Doctors who were not involved in the study were alarmed by its findings.

"We know, unequivocally, that these drugs slow the progression of the disease and slow the course of the disease," says Karen Blitz-Shabbir, MD, director of multiple sclerosis care center at North Shore-LIJ Glen Cove Hospital in New York.

"When I first started training, people were hospitalized all the time and did much worse than they do now," she says, "So we know for sure these drugs are good."

But the cost of the drugs continues to soar.

Even in the face of new competition from a new pill, pharmaceutical companies recently announced increases of nearly 40% over 2010 prices. Disease-modifying drugs for MS carry wholesale prices of as much as $48,000 a year.

"Will the health care companies, the health care industry, prevent patients from accessing the drugs because of a study like this?" Blitz-Shabbir says. "The real problem is the pharmaceutical cost is out of control."

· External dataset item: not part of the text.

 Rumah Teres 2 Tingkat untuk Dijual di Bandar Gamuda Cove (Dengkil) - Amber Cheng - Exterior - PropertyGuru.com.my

The study is published in Neurology.

Calculating Cost-Effectiveness of MS Drugs

Using mathematical models developed using data from a large, national patient survey, researchers found that the cost-effectiveness for the disease-modifying drugs Avonex, Betaseron, Copaxone, and Rebif exceeded $800,000 per quality-adjusted life year.

A quality-adjusted life year is a measure that tries to account for both the length of time a person could expect a treatment to extend life and how good he or she feels during that time.

For example, the study found that on average, patients taking Copaxone for 10 years could expect the drug to add less than one quality-adjusted month to their lives compared to patients who were only getting supportive therapy to control symptoms.